Economic difficulties are another important indicator that can affect the outcome of the presidential elections. The state of the economy and, as a consequence, the degree of satisfaction of the population has always been a key factor determining the chances of the ruling party to remain in power (Ginsberg et al., 2018). The American economy has been on the brink of recession for several months, and Trump’s administration is making efforts to lower the refinancing rate and support the growth of financial markets (Brewer & Maisel, 2020). If the economy does not show serious signs of growth even at the beginning of the third quarter, Trump will have little chance to be re-elected.

Experts see the ability of the Democratic Party to maintain unity and mobilize the electoral base as another indicator that validates that Trump would not be re-elected. On the one hand, the fragmentation of the Democrats and the absence of clear leaders in the race for the presidency raise the question of their ability to compete. However, the Democrats, in the absence of clear leaders, will again rely on anti-Trumpism, a pathological enmity towards Trump (Ginsberg et al., 20218). If it worked in the midterm congressional elections, it may work now.

International problems are of little interest to the American voter; however, the war may become another indicator that will play against Trump’s re-election for a second term. Trump has consistently refrained from military conflicts throughout his presidency, but the elimination of high-ranking Iranian general Qassem Soleimani in Iraq in January 2020 increased their risk (Bazian, 2019). At the same time, the escalation of the conflict was avoided, and Washington and Tehran showed that they did not want to bring matters to a military confrontation. Thus, a military conflict with the participation of the United States may play against Trump.

Whether Trump will be a president again also depends on the US oil problem. The threat to US oil production is unacceptable for politicians hoping for re-election in 2020. Congress predicts that in the second quarter of 2020 the American economy will contract by 37.7%, and, in large part, due to the decline in WTI oil prices (Sabato & Kondik, 2019). The damage can be serious, especially given the Covid-2019 pandemic that has brought down the US economy.

In January 2017, Trump’s inauguration came as a shock to hundreds of thousands of Americans. If Trump is re-elected, the opponents of the current president fear that it could change the United States beyond recognition. The vast majority of Democrats believe that he is destroying the country, and elections in November 2020 are a chance to stop this destruction. The lack of a strong Democratic candidate works for the head of the White House, but Trump is still the president of the minority and can only hope for a strong electorate of Republican voters. Besides, various factors work against him and highlight that the current president has many chances not to be re-elected.

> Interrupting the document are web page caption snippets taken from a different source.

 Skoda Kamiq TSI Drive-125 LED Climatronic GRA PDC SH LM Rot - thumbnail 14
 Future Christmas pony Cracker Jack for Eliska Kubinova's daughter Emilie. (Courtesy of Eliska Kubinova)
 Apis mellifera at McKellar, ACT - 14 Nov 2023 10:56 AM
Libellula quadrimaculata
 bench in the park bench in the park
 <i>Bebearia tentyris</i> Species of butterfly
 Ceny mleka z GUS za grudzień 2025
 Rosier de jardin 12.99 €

Bazian, H. (2019). Islamophobia, Trump’s racism, and 2020 elections! Islamophobia Studies Journal, 5(1), 8-10. Web.

Brewer, M. D., & Maisel, L. S. (2020). Parties and elections in America: The electoral process. Rowman & Littlefield Publishers.

Ginsberg, B., Lowi, T. J., Weir, M., Tolbert, C. J., & Campbell, A. (2018). We the people: An introduction to American politics (12th ed., Essentials). Norton & Company.

Hasen, R. L. (2020). Election meltdown: Dirty tricks, distrust, and the threat to American democracy. Yale University Press.

Sabato, L., & Kondik, K. (Eds.). (2019). The blue wave: The 2018 midterms and what they mean for the 2020 elections. Rowman & Littlefield.

Strang, S. E. (2020). God, Trump, and Covid-19: How the pandemic is affecting Christians, the world, and America’s 2020 election. Charisma House.